EXTRACTED RECORDS section start

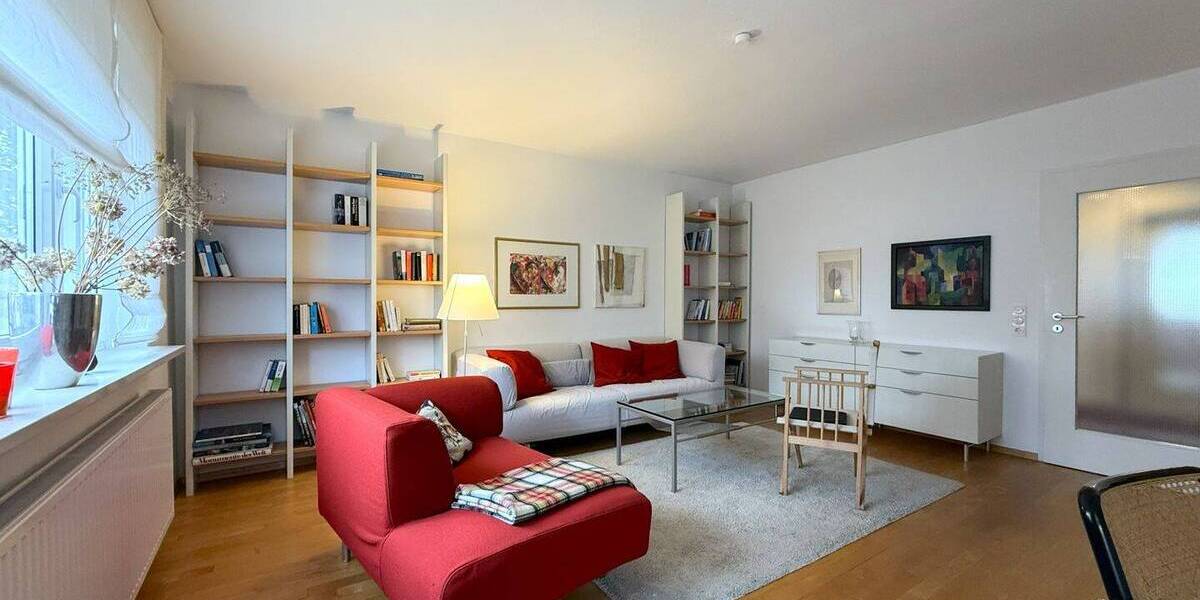 Etagenwohnung Stuttgart / Birkach Birkach - 2 Zimmer, 64 m&sup2;, 990&euro; | Angebot:26305993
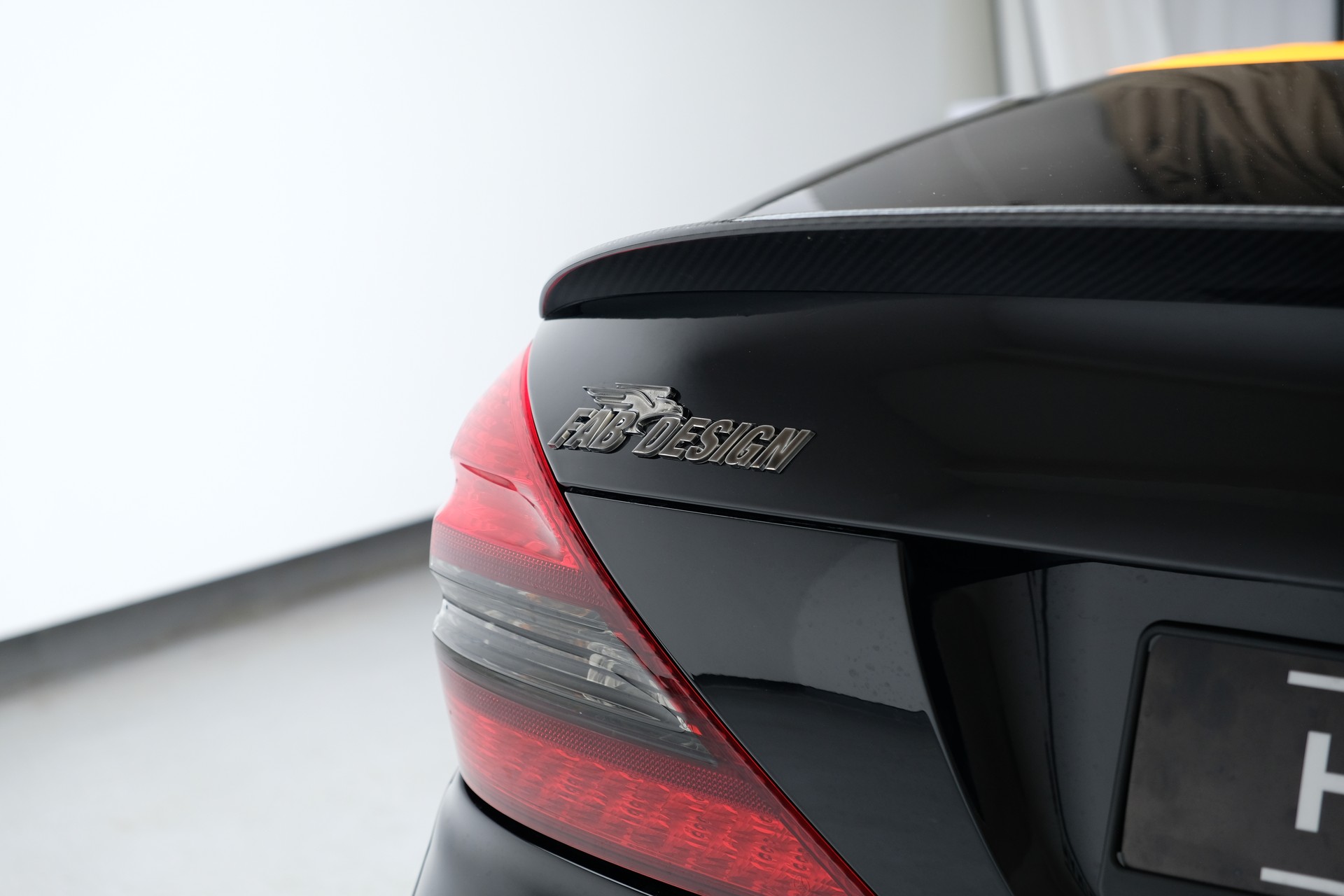 MERCEDES-BENZ SL 65 AMG Speedshift FAB Design Nr. 4 von Weltweit 10-image-14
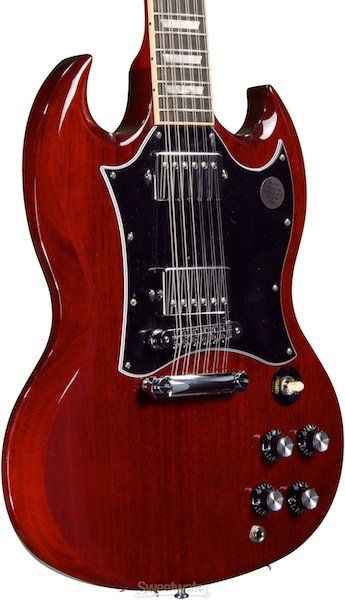 Gibson 50th Anniversary SG SG 12 String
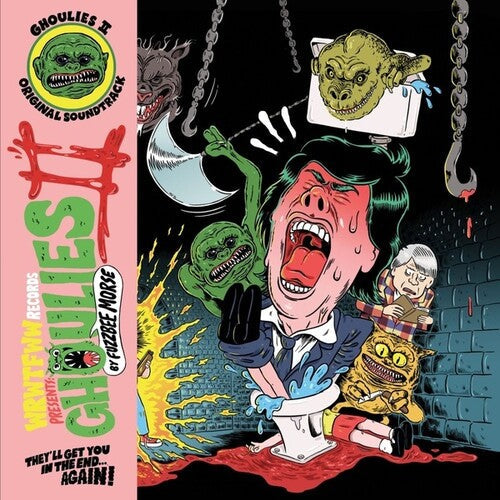 Fuzzbee Morse: Ghoulies II (Original Soundtrack) -VINYL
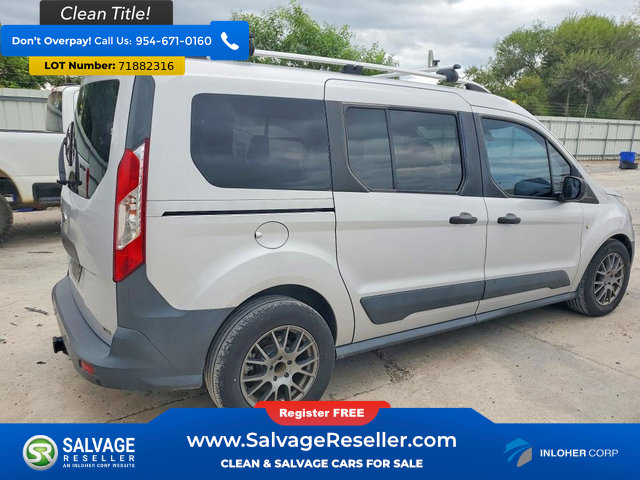 Used 2018 Ford Transit Connect XL FWD image 4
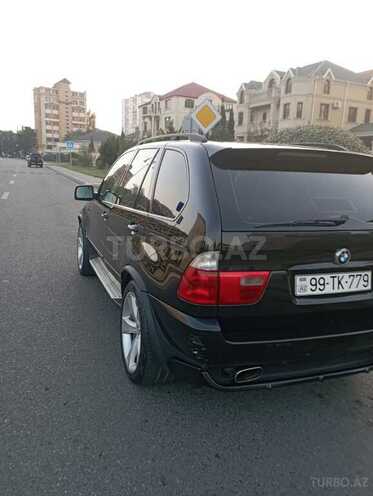 BMW X5 2005, 228,695 km - 4.4 л - Bakı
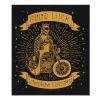 Lowbrow Customs Good Luck Sticker
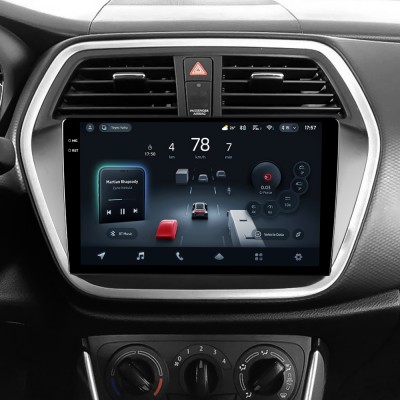 Штатна магнітола Teyes CC4 Pro 8+128 Gb Suzuki SX4 2 S-Cross 2012-2016 9" 2k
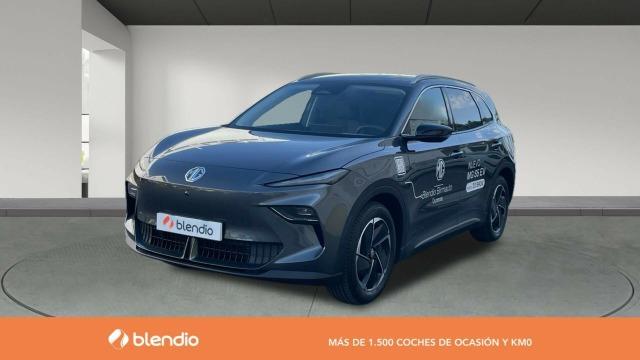 MG 5 BEV 64KWH LUXURY 231 5P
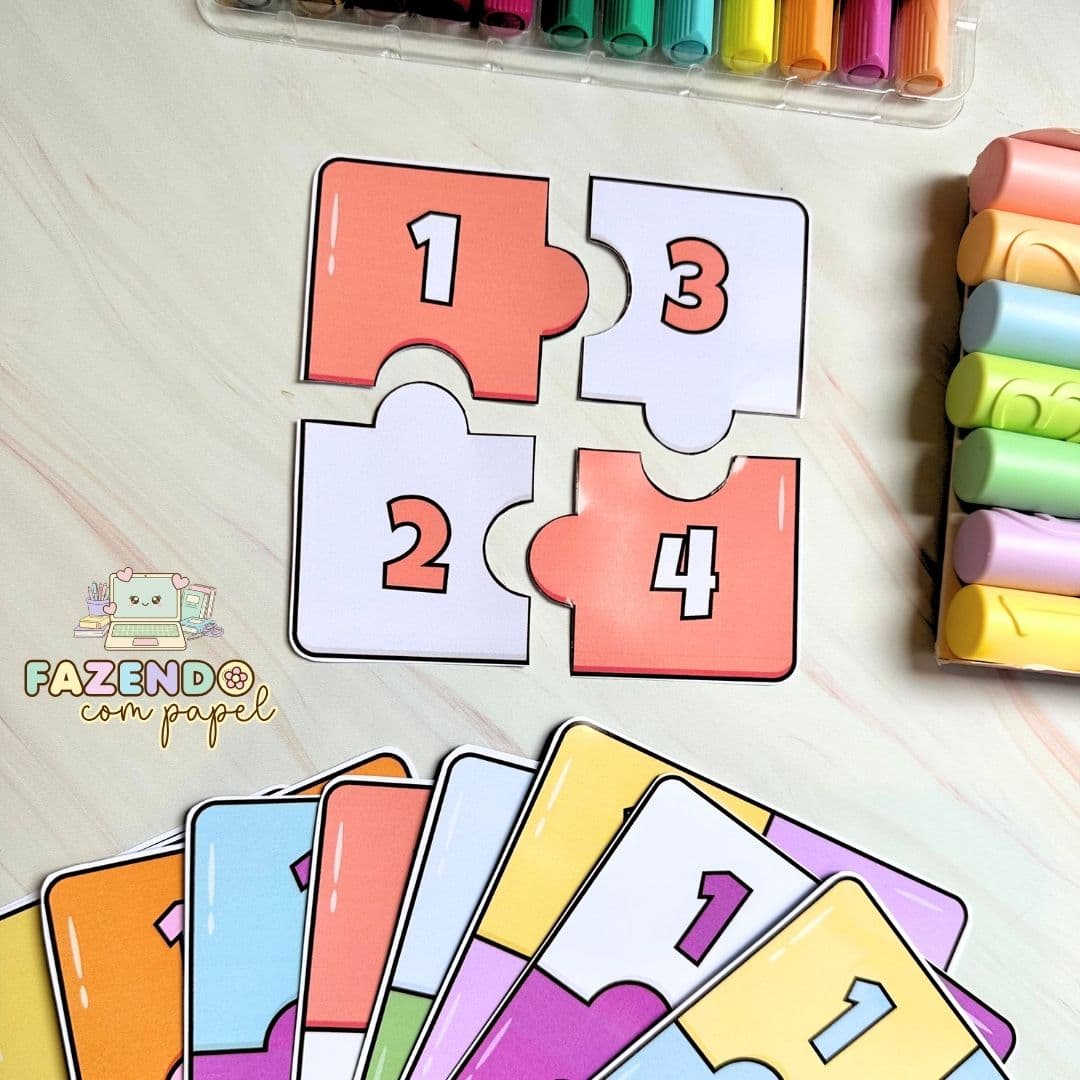 Combinando Cores e Números — imagem 4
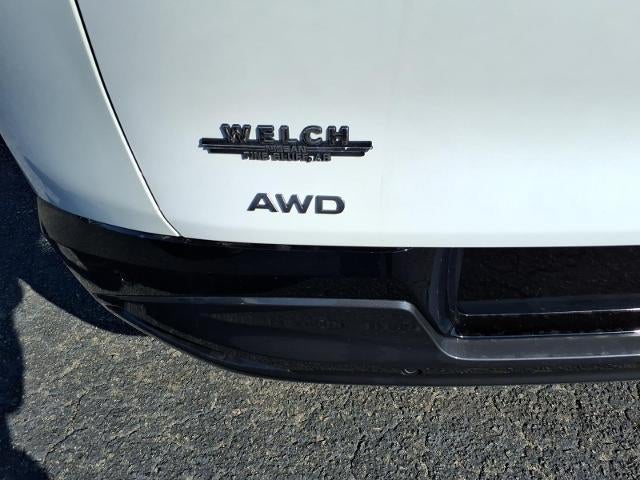 2026 Nissan Murano AWD SV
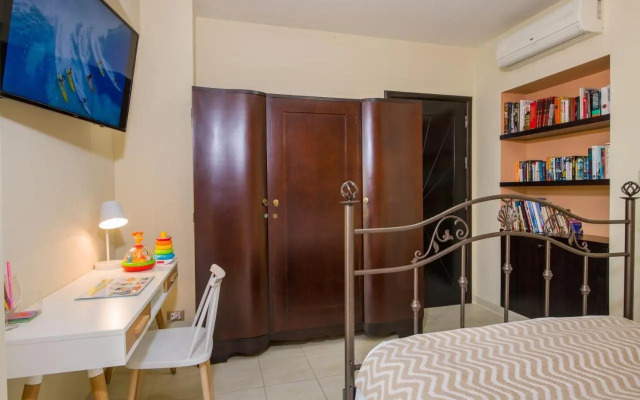 Manolia Dream Apartment 3-bedrooms 30m to the beach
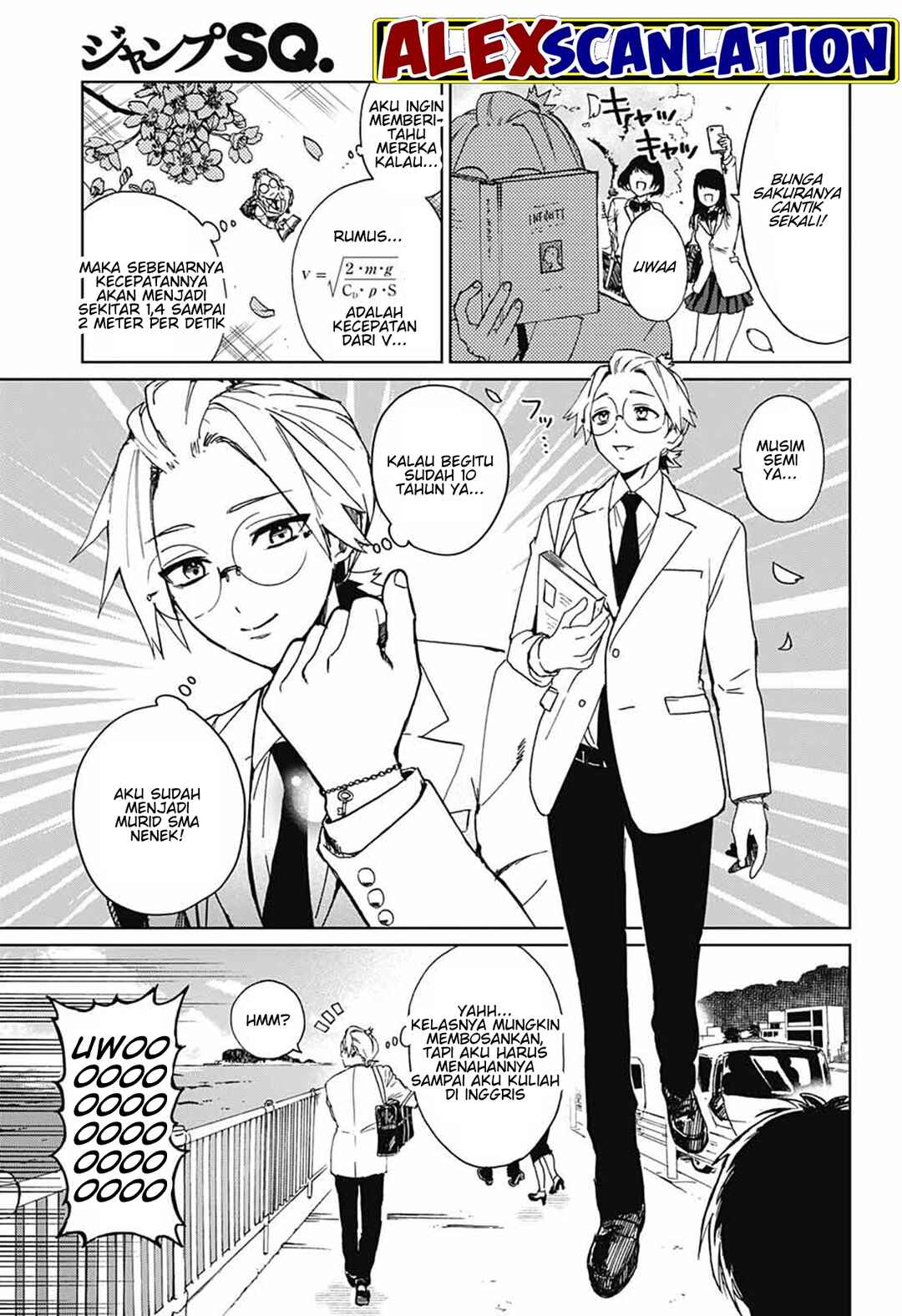 Phantom Busters Chapter 1 - Page 7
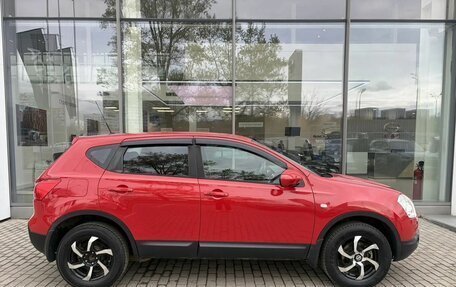 Nissan Qashqai, 2008 год, 810 000 рублей, 9 фотография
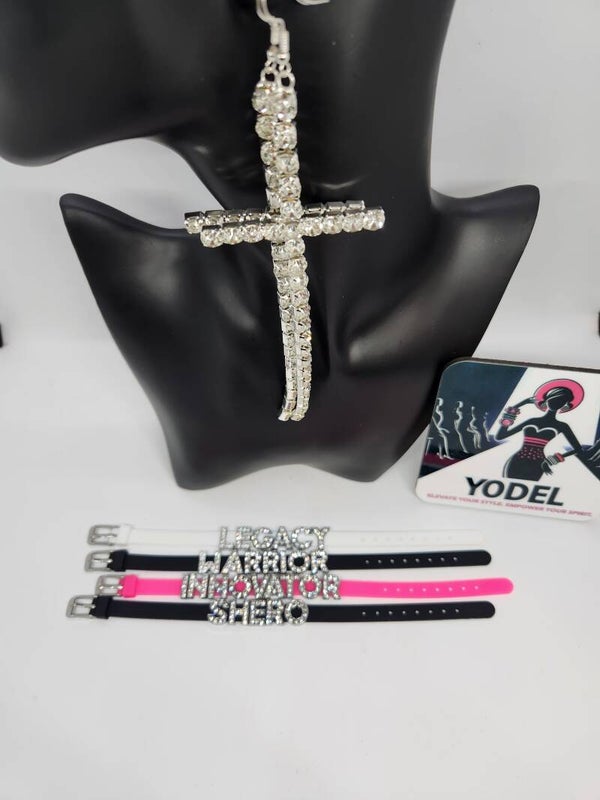 EmpowerHER Affirmation WristGlaM
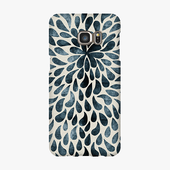 Grayish Color Design Samsung Galaxy S6 Edge Plus Phone Case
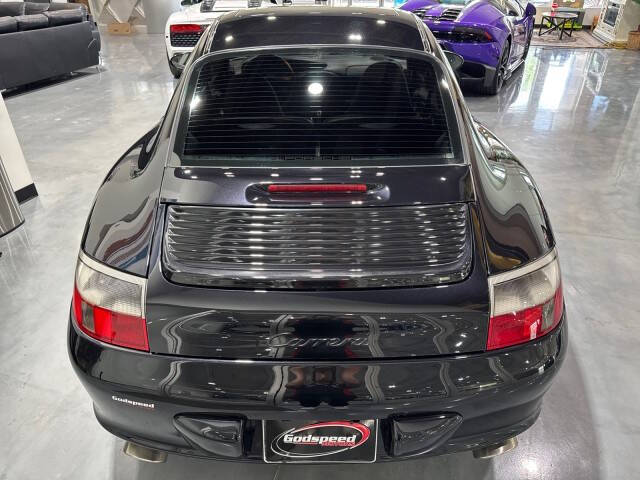 2004 Porsche 911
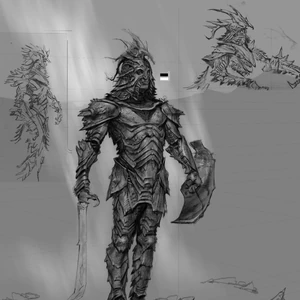 Concept Art Skyrim Elder Scrolls Fandom Dwemer and falmer by alteya on deviantart. concept art skyrim elder scrolls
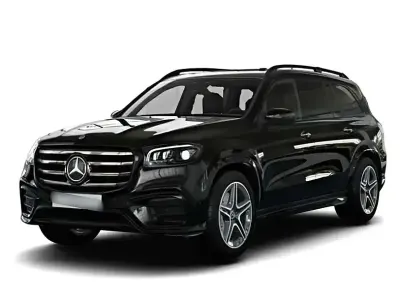 Gebraucht Mercedes GLS450 AMG 2025 Schwarz SUV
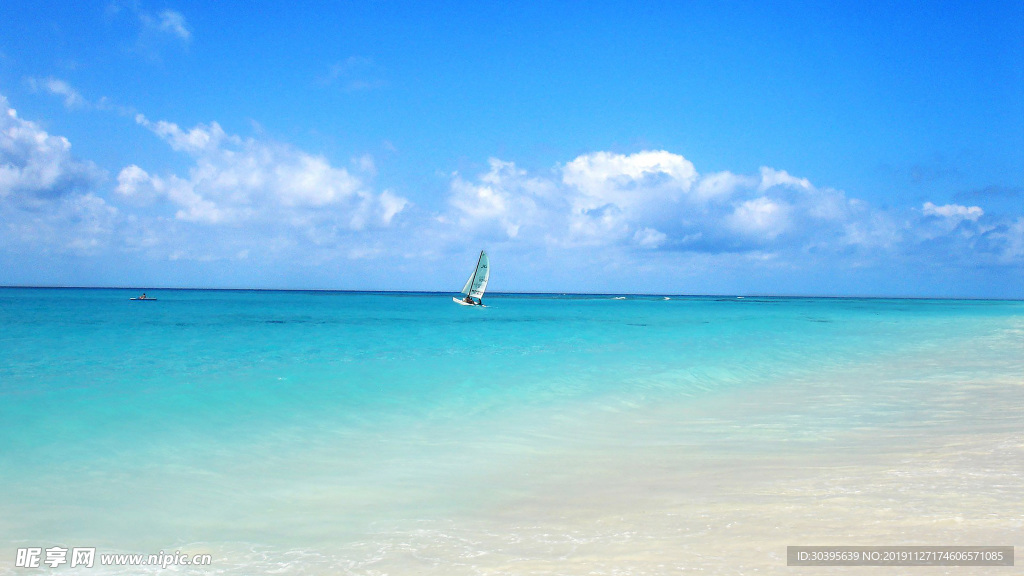 海边风景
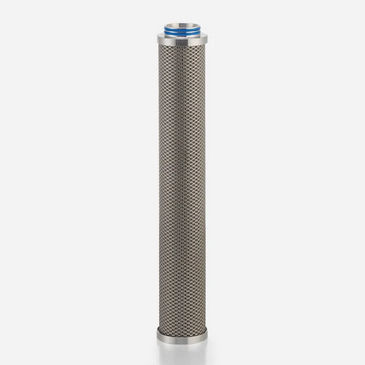 Cartucho filtrante de aire - LifeTec™ P-SRF X - DONALDSON - de esterilización / de acero inoxidable / para filtro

EXTRACTED RECORDS section end

§ WHAT YOU HAVE TO DO: Copy out exactly the lines between the line that contains "Nissan Qashqai, 2008" and the last line of the records, both ends included; leave out every picture.

§ RESPONSE TO THIS EXERCISE:
 Nissan Qashqai, 2008 год, 810 000 рублей, 9 фотография
 EmpowerHER Affirmation WristGlaM
 Grayish Color Design Samsung Galaxy S6 Edge Plus Phone Case
 2004 Porsche 911
 Concept Art Skyrim Elder Scrolls Fandom Dwemer and falmer by alteya on deviantart. concept art skyrim elder scrolls
 Gebraucht Mercedes GLS450 AMG 2025 Schwarz SUV
 海边风景
 Cartucho filtrante de aire - LifeTec™ P-SRF X - DONALDSON - de esterilización / de acero inoxidable / para filtro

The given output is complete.